#### [Dataset extract]
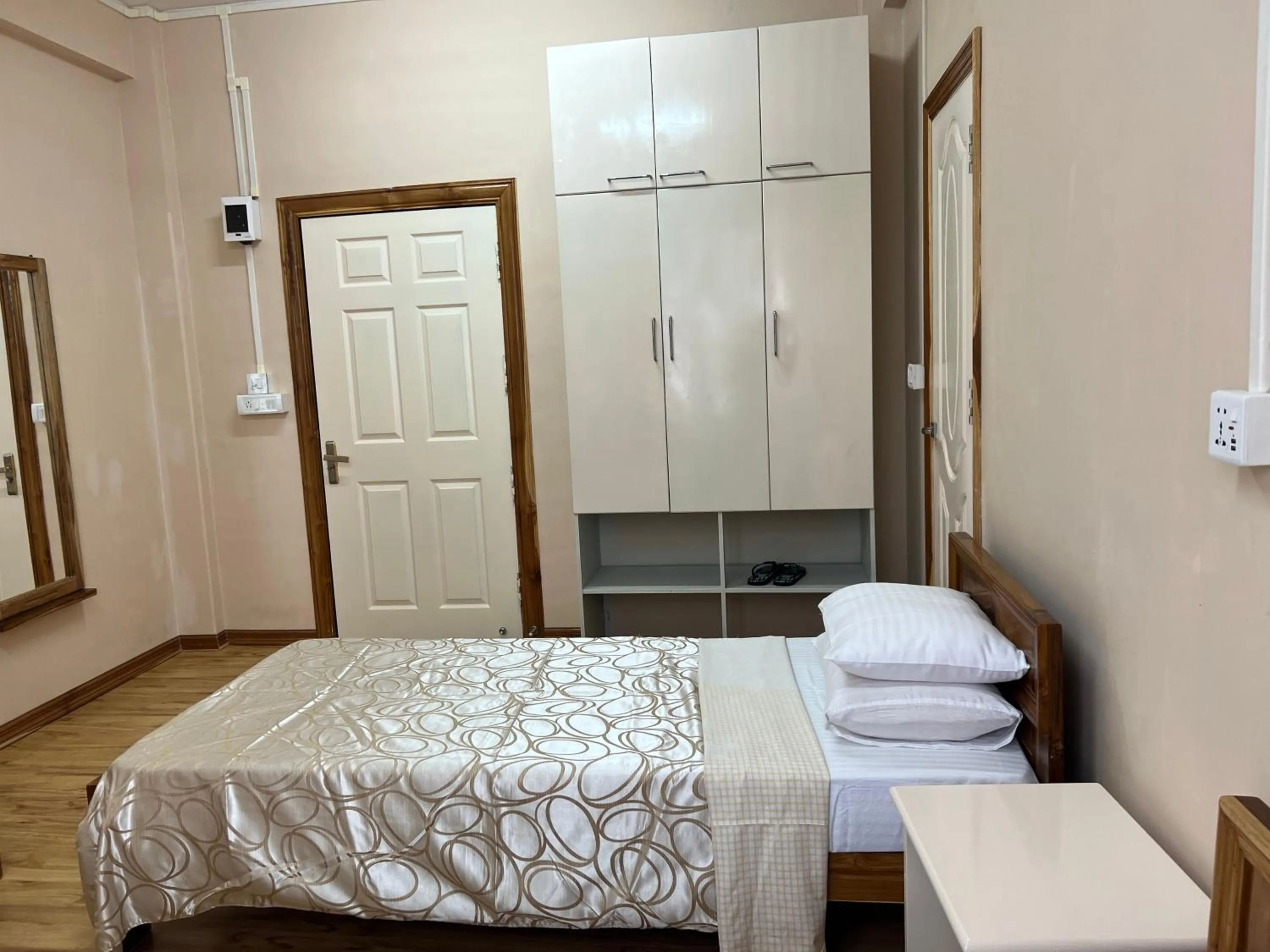 wardrobe, Bed in Hotel Dinthar Zara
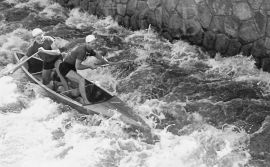 Kanoistický vytrvalostní závod České Budějovice – Praha: dvojice Kaňka – Fuka závodili 1953 v prestižní kategorii C2 - kánoe dvojic, detail lodi; archiv J. Štumbauera.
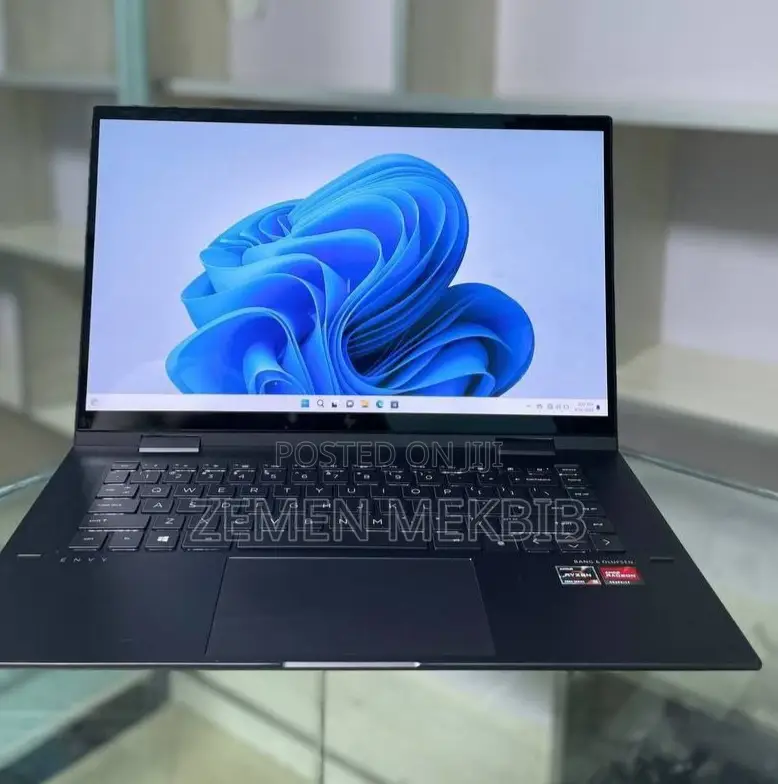 New Laptop HP Envy X360 16GB AMD Ryzen 5 SSD 512GB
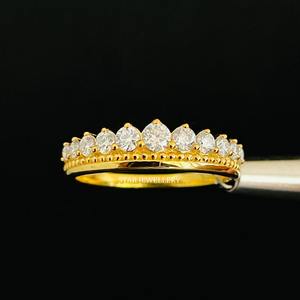 Banda a juego de diamantes cultivados en laboratorio de oro macizo de 14 quilates para anillo de bodas solitario. - Product Image 1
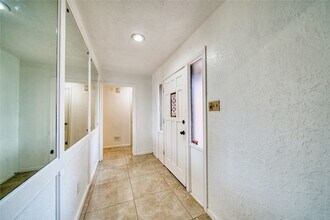 7838 Vickijohn Dr, Unit 107 in Houston, TX - Building Photo - Building Photo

#### [Work instruction]
Please return the entries above exactly as they appear, but without the pictures.

#### [Response]
 wardrobe, Bed in Hotel Dinthar Zara
 Kanoistický vytrvalostní závod České Budějovice – Praha: dvojice Kaňka – Fuka závodili 1953 v prestižní kategorii C2 - kánoe dvojic, detail lodi; archiv J. Štumbauera.
 New Laptop HP Envy X360 16GB AMD Ryzen 5 SSD 512GB
 Banda a juego de diamantes cultivados en laboratorio de oro macizo de 14 quilates para anillo de bodas solitario. - Product Image 1
 7838 Vickijohn Dr, Unit 107 in Houston, TX - Building Photo - Building Photo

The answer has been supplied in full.